The basic formula goes something like this:
In the annual budget, we allocate funds towards a bunch of vacant positions - the CPD isn’t alone here - which often remain unfilled through the year. This increases the overall budget for those departments.
Then, given the many shortcomings of the city’s hiring process, we end up not hiring for many of these positions.
At the end of the year - surprise! The department ended up coming in under budget!
The key point here is that whether or not we budget for that spending in the first place, the money never gets spent regardless. As such, what we’d really be doing by eliminating those vacancies is just shifting the fiscal benefit from coming in “under budget” at the end of the year to the beginning of the year instead. That might make your math easier for the 2025 budget, but ultimately it won’t actually have any impact on how much money the City of Chicago truly spends in the next calendar year.
Frustratingly, you won’t get any of that nuance from the WBEZ piece, which quotes several Alders as wanting to reallocate those funds towards other programs:
Some public health advocates are pushing an alternative to the ghost cops. This week Ald. Jessie Fuentes, 26th Ward, filed a proposed budget amendment that would shift an estimated $166 million for those salaries to city public health programs, youth jobs and a guaranteed income pilot that is on Johnson’s budget chopping block.
At a City Hall news conference to support the measure this week, Ald. Rossana Rodríguez-Sánchez, 33rd Ward, said the police positions “are just sitting there, not providing safety for anybody.”
“How about we use that money [to] provide safety for people?” Rodríguez-Sánchez asked.
This is the point I want to make clear: allocating money for a position we don’t hire for doesn’t “cost” us anything, and we’re not “using that money” for anything. If we shifted those funds towards other programs, doing so wouldn’t be net neutral; it would create a new expense for the city.

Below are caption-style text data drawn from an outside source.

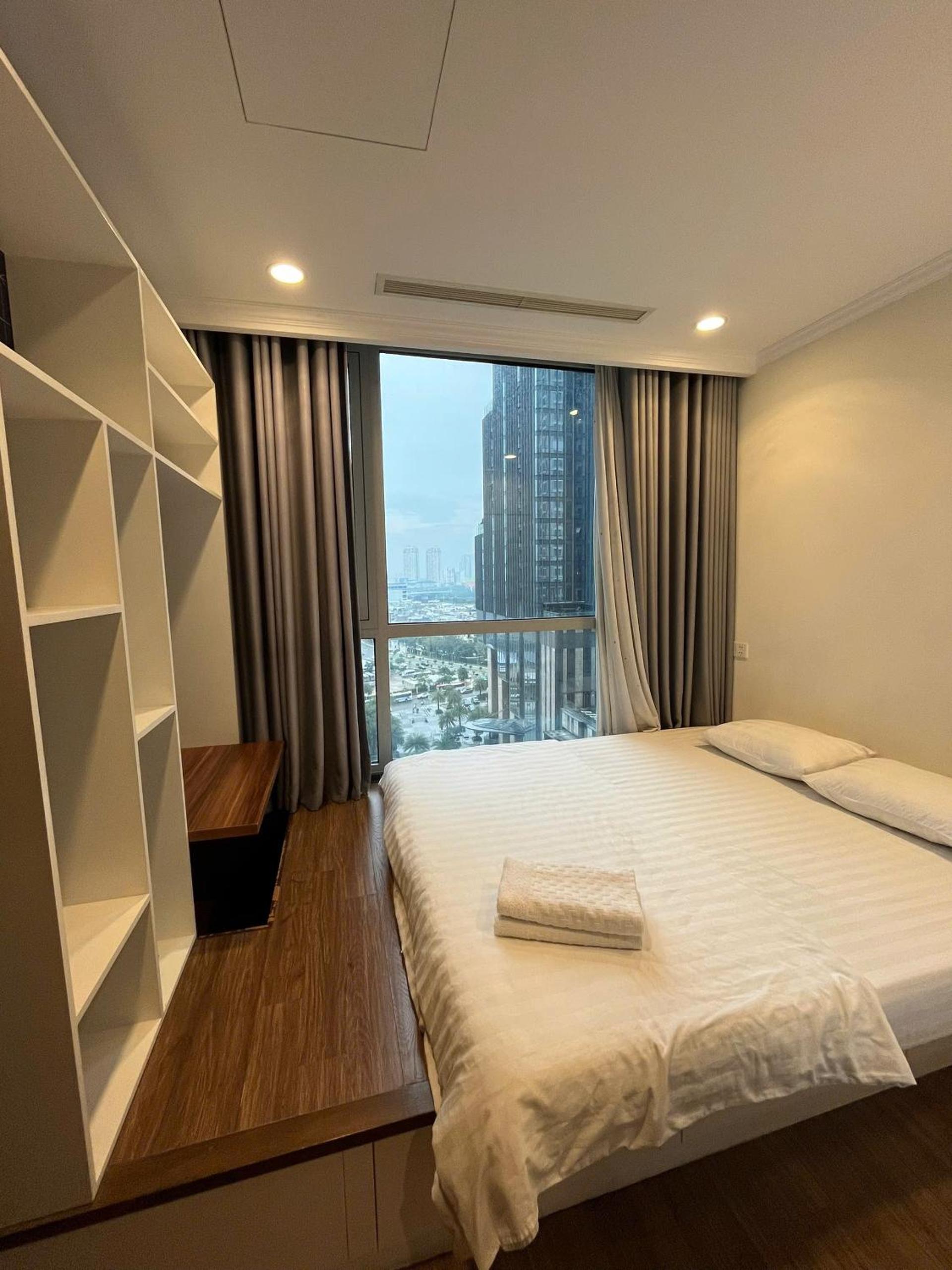 The Landmark Plus Vinhomes Serenity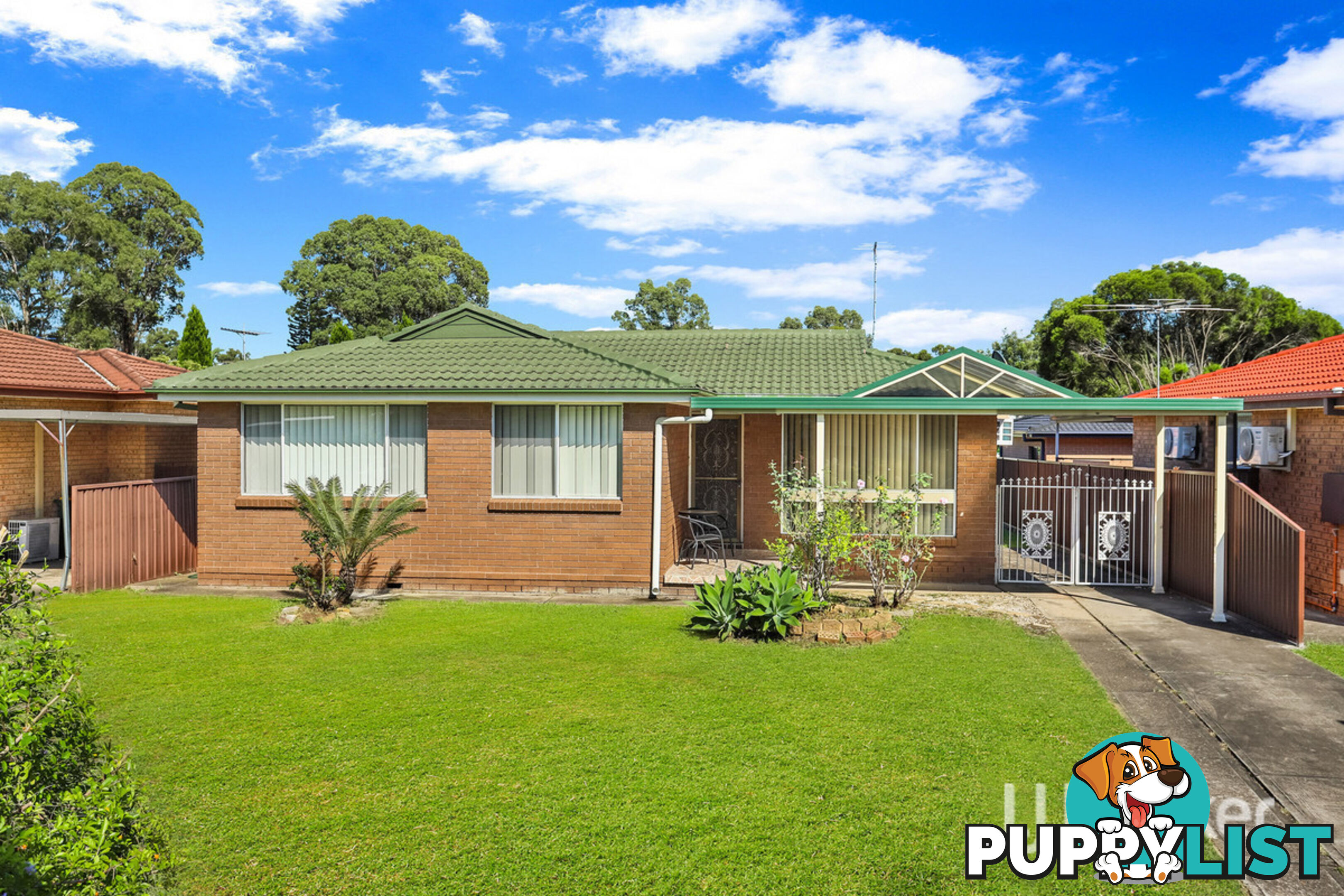 40 Gerald Crescent DOONSIDE NSW 2767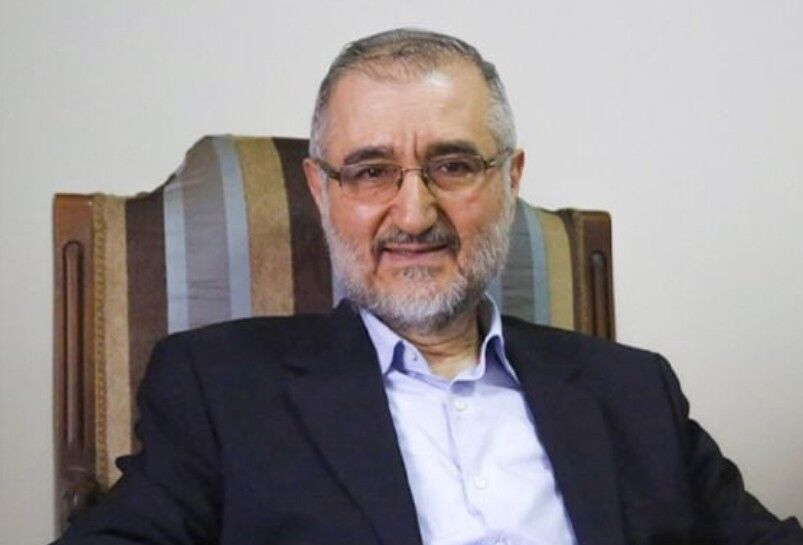 حزبالله: خلع سلاح مقاومت اشتباهی بزرگ و خدمت به آمریکا و اسرائیل است حزبالله: خلع سلاح مقاومت اشتباهی بزرگ و خدمت به آمریکا و اسرائیل است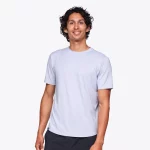 Hoka Essential Morado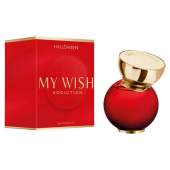 Парфюмированная вода для женщин My Wish Addiction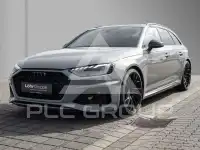 2023 Audi RS4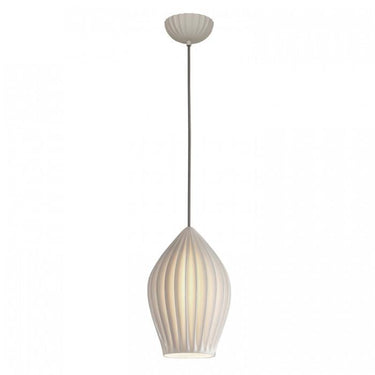 Original BTC Fin Pendant, Large – main view
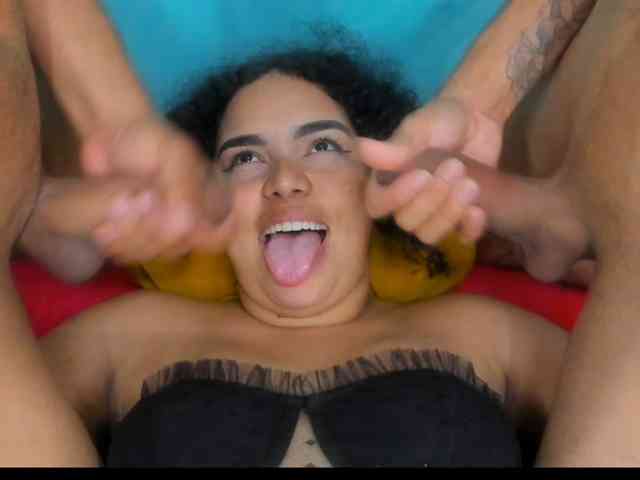 Swinger-Party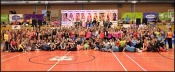 LITEX AEROBIC SHOW XII. 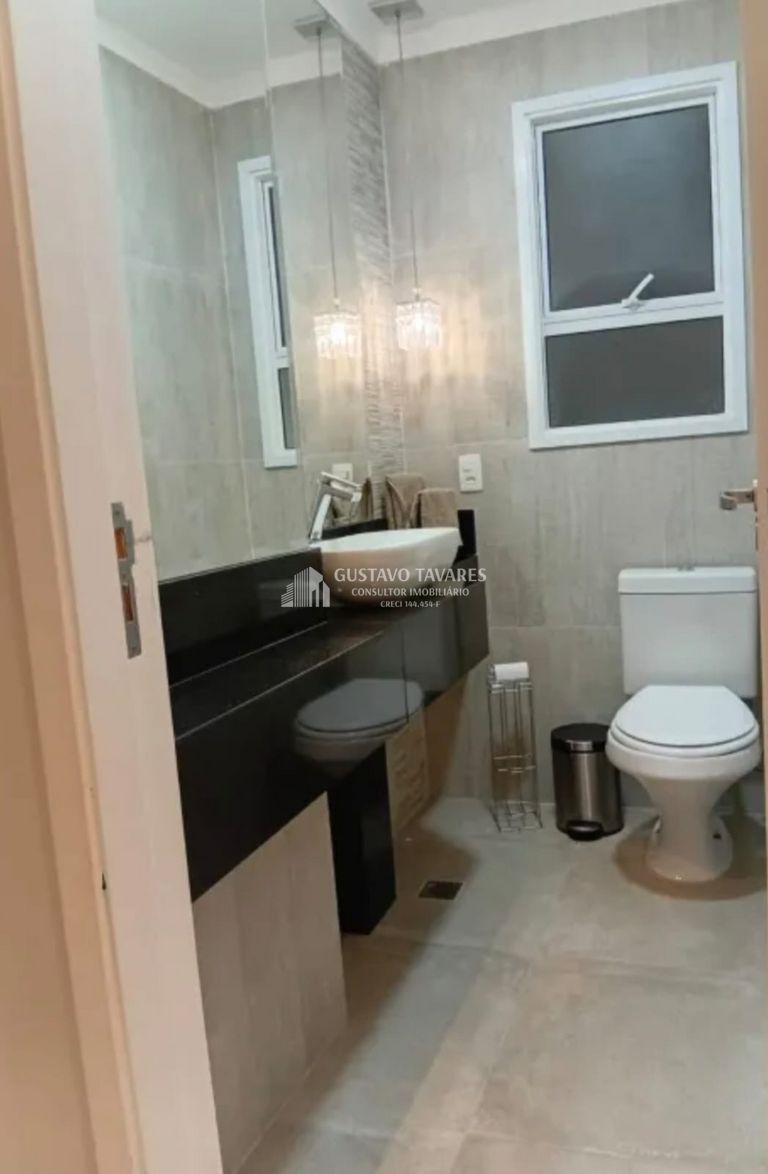 Apartamento à venda com 3 quartos, 111m² - Foto 12
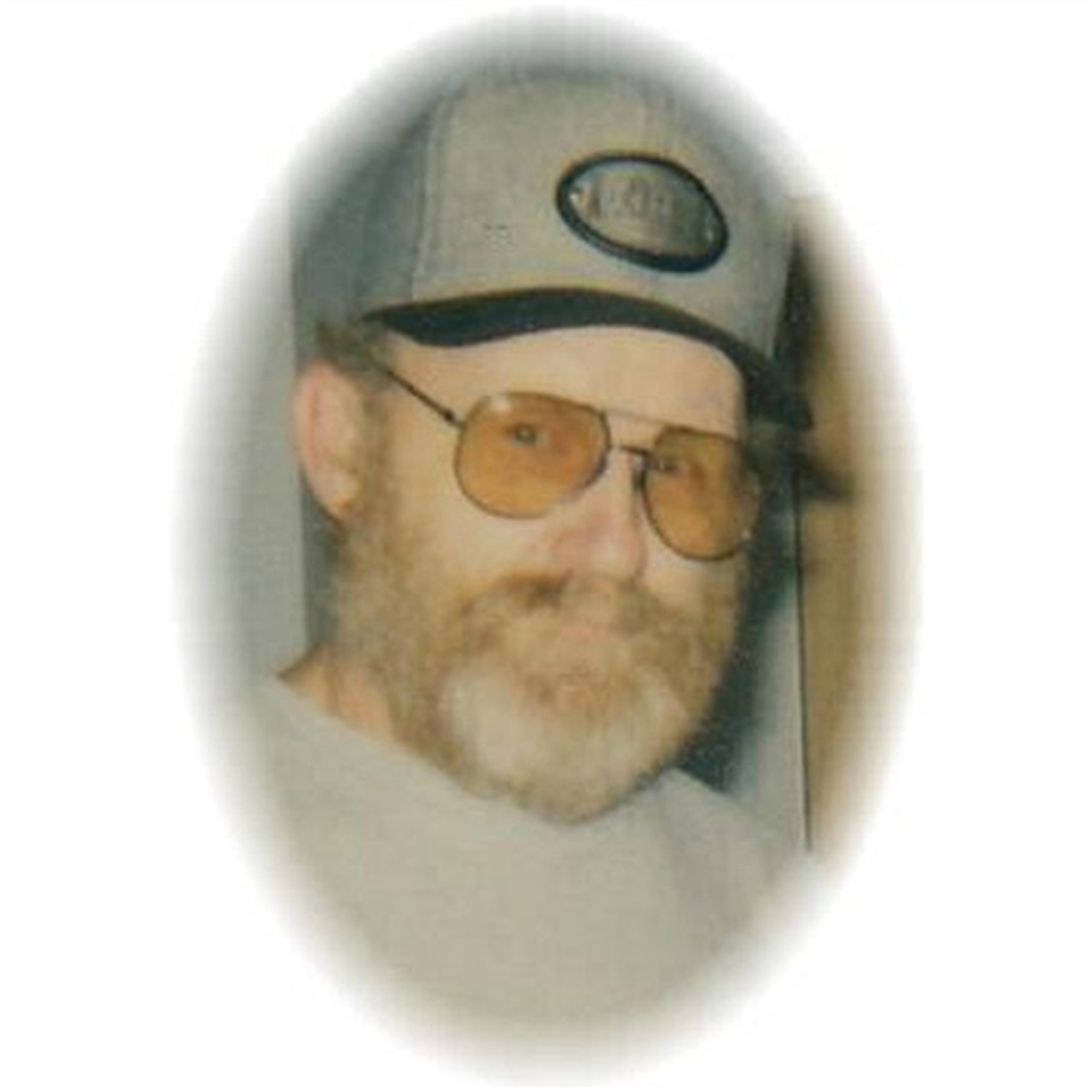 Raymond "Butch" Day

There’s one wrinkle to that, which the Sun-Times (quoting Civic Federation president Joe Ferguson) covers. When the money allocated to those vacancies doesn’t get spent on new hires, it’s sometimes allocated to cover other shortfalls in the police budget - most notably to cover significant overtime costs the city incurs for the police we do have. A recent article from The Tribe also noted that this is also sometimes the source of funds used to pay police misconduct settlements as well.
Those are costs we’re incurring either way - we’re just not allocating for them anywhere. If the city were to eliminate the CPD vacancies, we’d need to find other funds to cover the settlement and overtime costs. And if we eliminate the vacancies and *don’t* find another pay-for for settlements and overtime costs, the city will be scrambling to cover a much larger deficit at the end of next year. From a transparency perspective, it probably makes sense for us to start accounting for those expenses somewhere in the budget. But that’s an accounting and transparency change, not a solution to the city’s ongoing budget woes.
If we really want to find more savings and efficiencies in the public safety space, there are other places to look. For instance, the Better Government Association has repeatedly found that the Office of Public Safety Administration (OPSA), a consolidated department created by Mayor Lightfoot in 2020 as a cost-saving initiative, has not generated any savings for the city. OPSA is also among the line items I highlighted in my last post as having one of the highest spending growth in the city budget since 2020 (it’s up 215%, from $19.4 million in 2020 to $61.4 million in the initial proposal for 2025).
That’s the kind of area where we should be able to generate meaningful savings for the city in the long run. But cutting ghost cops will only get us ghost savings, too.
Some amount of money is budgeted for police overtime, but not nearly enough. From Heather Cherone's article:
> During the first six months of 2024, CPD spent $130 million on overtime, even though its entire annual budget for overtime is $100 million.
Another great analysis, thanks for scratching something off my Christmas wish list!